The two young giraffes had just made the long 26-hour trip from Ohio Saturday and this was their first chance to run around in their new coral.
Nine-month-old Temba peeked his long neck over his new neighbor’s fence and gazed at Gabriel and Journey, two rescue tigers from Phoenix.
Meanwhile, 6-month-old Mawenze stood frozen while listening to lions howl from the distance over the hill.
The two giraffes will eventually be moved from their coral and join compatible animals in the Serendipity section of the park.
Out of Africa went on the difficult and expensive search to find a new giraffe, after the park’s wildly popular giraffe, Kibo, died in August.
Thanks to fundraising and a GoFundMe Page, they got the two young giraffes this past week.
The new giraffes will join a wild animal park which is known for its kissing giraffes, which includes an older giraffe named Pilgrim.
“Giraffe kisses” occur when the giraffes grab treats such as celery from visitors’ mouths on tour buses.
The park is fortunate because these two young giraffes were not separated when they left Ohio, and they came together, explained Ashton Powell, Out of Africa spokesperson.
“The little ones got a buddy, He’s got a pal.” They have the same father, but different mothers, she added.
Safari tour buses are viewing the giraffes during limited periods during the day beginning Thursday.
Powell said people contributed about $25,000 through the GoFundMe page, donations at the park and mail donations to pay for the giraffes’ transportation and hoof chute.

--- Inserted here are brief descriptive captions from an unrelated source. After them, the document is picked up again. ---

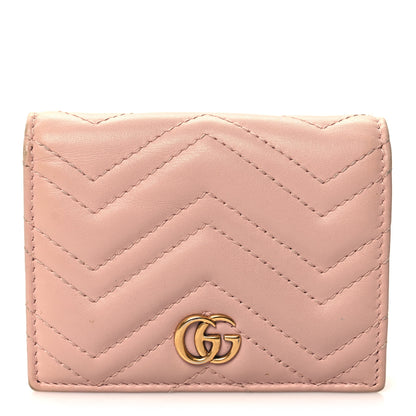 Gucci Calfskin Matelasse GG Marmont Card Case Wallet Perfect Pink 1 of 12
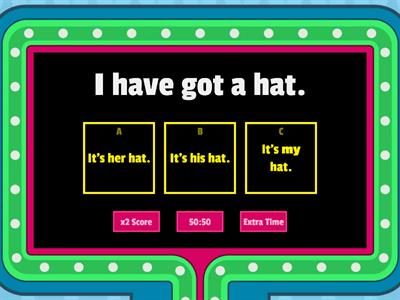 Game 4 - Personal and possessive pronouns - Gameshow Quiz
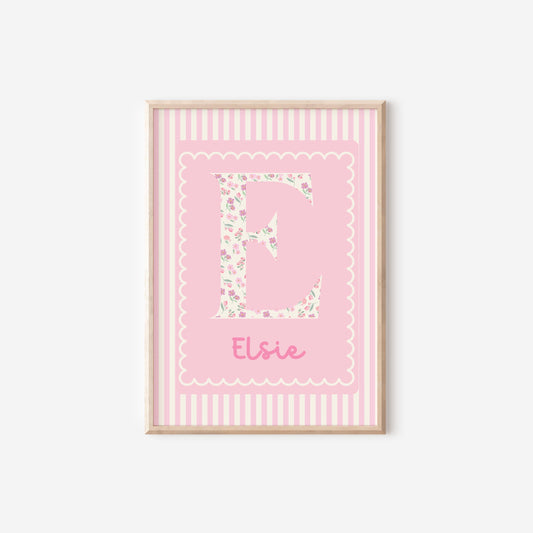pink striped scallop floral personalised whimiscal name print for girls bedroom or playroom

The park invested in a large, expensive steel chute for a giraffe to be enclosed in while they are treated by a veterinarian, she said
The park had to spend the $25,000 and “then some” for the two giraffes and expenses, she said. The fundraising will continue to pay for the additional costs.
“They were really excited to get outside,” explained Courtney Harwell, park employee who works with the giraffes. “They came right over the tree and started eating which is ideal.”
Right now people can see the new giraffes on the safari bus, but Harwell thinks park visitors will eventually be able to feed them and even get kisses. She said it’s all dependent on their behavior and level of comfort.
Pilgrim and Kibo made Out of Africa popular with kisses, which led to T-shirts and fundraisers.
But Kibo’s sudden death last August caught the park off-guard, so they vowed to remember his legacy and try to get another giraffe.
“It doesn’t take away the loss,” Powell said. “But it definitely gets everybody excited,” referring to the new addition to the Out of Africa family.